Set down all of the entries below exactly, and omit the pictures.
= = = = =
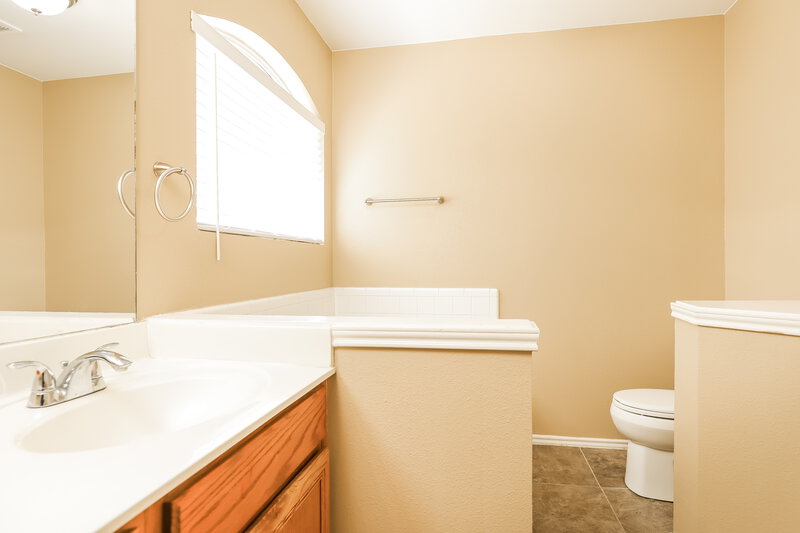 1,960/Mo, 209 Rosegate Dr Cibolo, TX 78108 Main Bathroom View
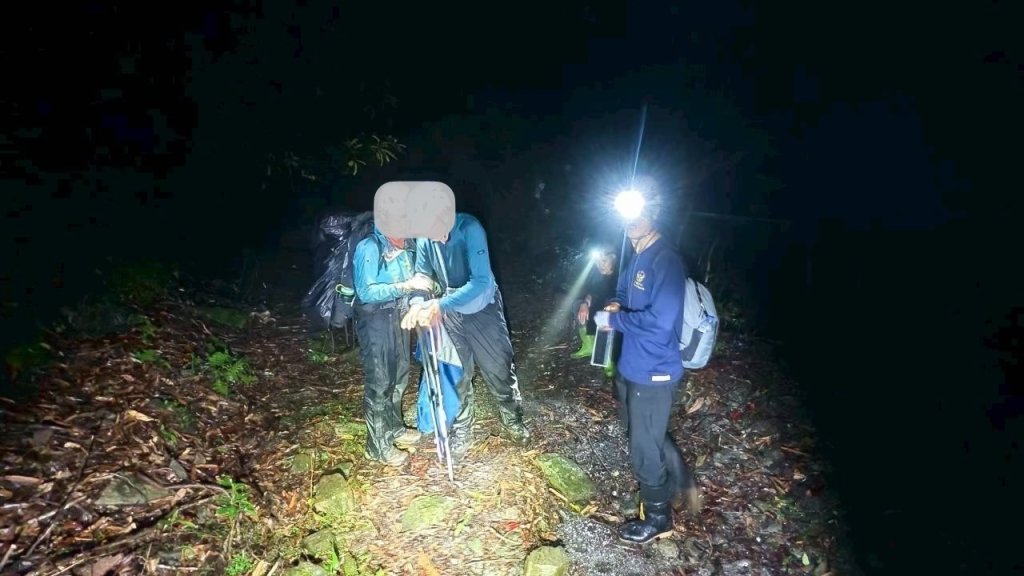 花蓮山友遭蜂螯無法行走　消防隊員漏夜救援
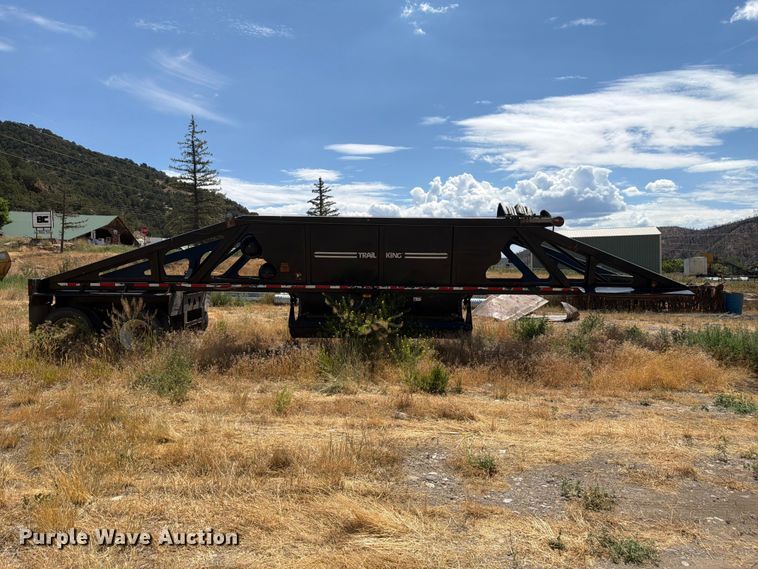 image for item FM7613 2007 Trail King bottom dump trailer
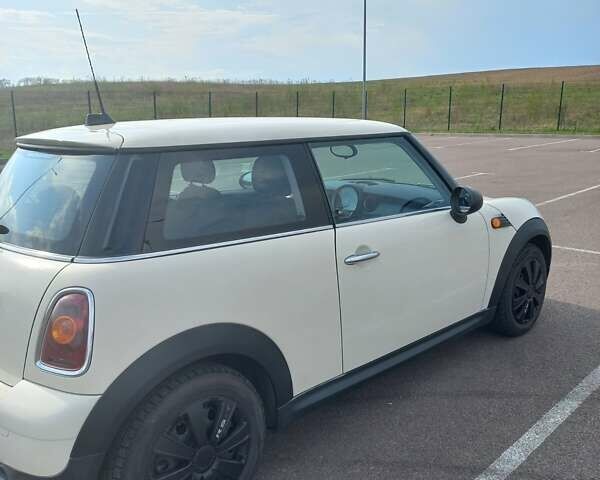 Білий Міні Cooper, об'ємом двигуна 1.4 л та пробігом 211 тис. км за 4500 $, фото 2 на Automoto.ua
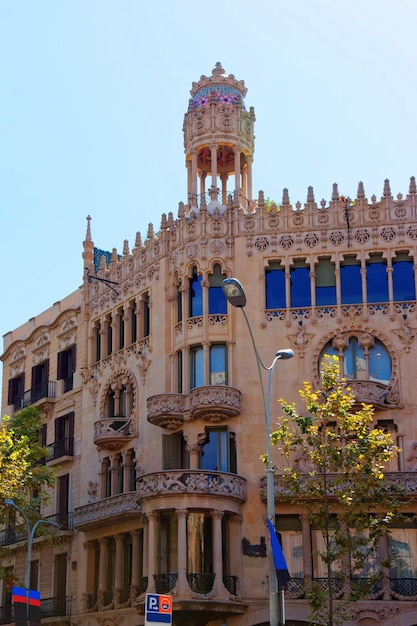 Photo casa lleo morera de style moderniste dans le bloc de discord dans le quartier eixample de barcelone, espagne. il a été conçu par lluis domenech i montaner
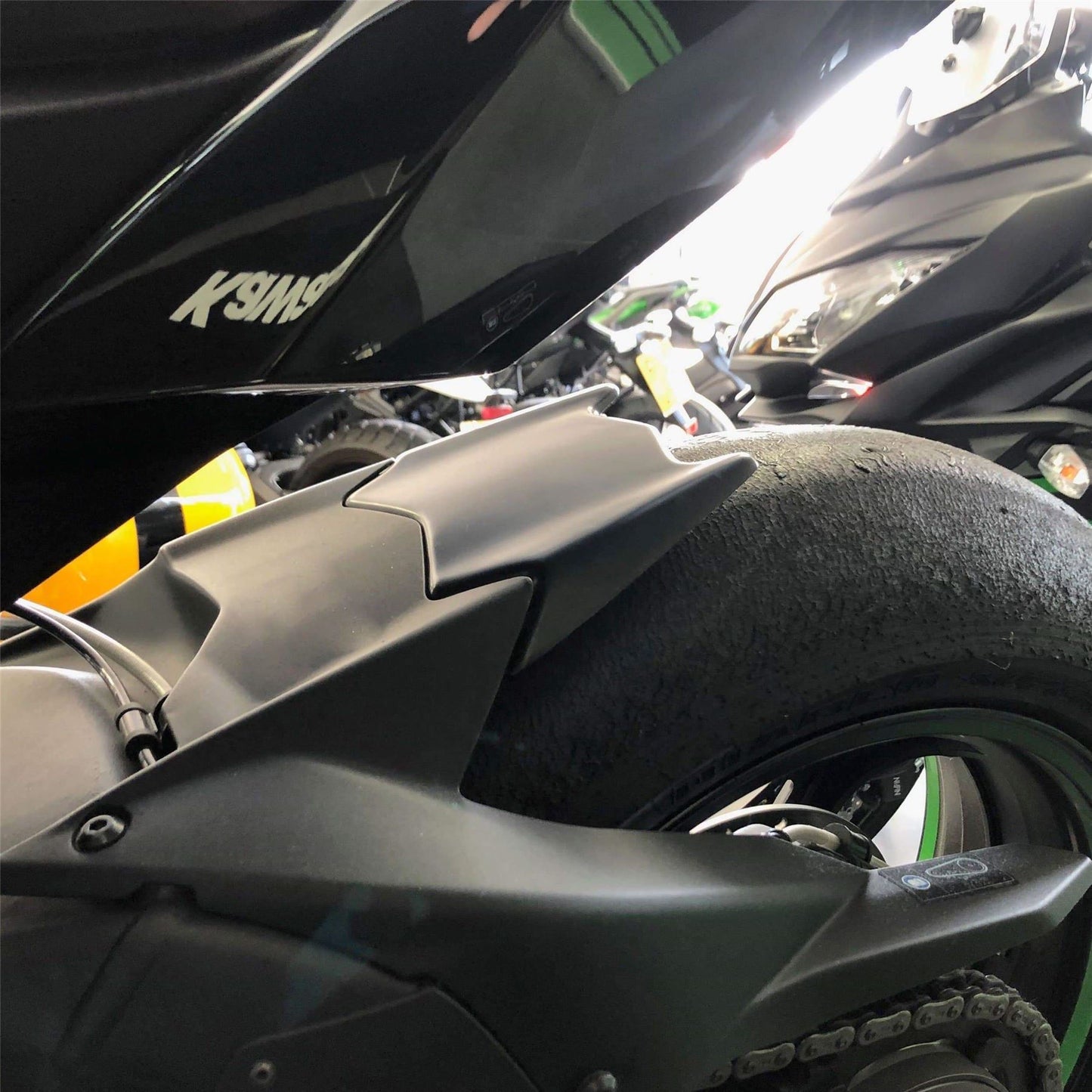 Pyramid Hugger Extension Matte Black for Kawasaki Ninja H2 / R 2015 onward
= = = = =
### Answer to this problem
 1,960/Mo, 209 Rosegate Dr Cibolo, TX 78108 Main Bathroom View
 花蓮山友遭蜂螯無法行走　消防隊員漏夜救援
 image for item FM7613 2007 Trail King bottom dump trailer
 Білий Міні Cooper, об'ємом двигуна 1.4 л та пробігом 211 тис. км за 4500 $, фото 2 на Automoto.ua
 Photo casa lleo morera de style moderniste dans le bloc de discord dans le quartier eixample de barcelone, espagne. il a été conçu par lluis domenech i montaner
 Pyramid Hugger Extension Matte Black for Kawasaki Ninja H2 / R 2015 onward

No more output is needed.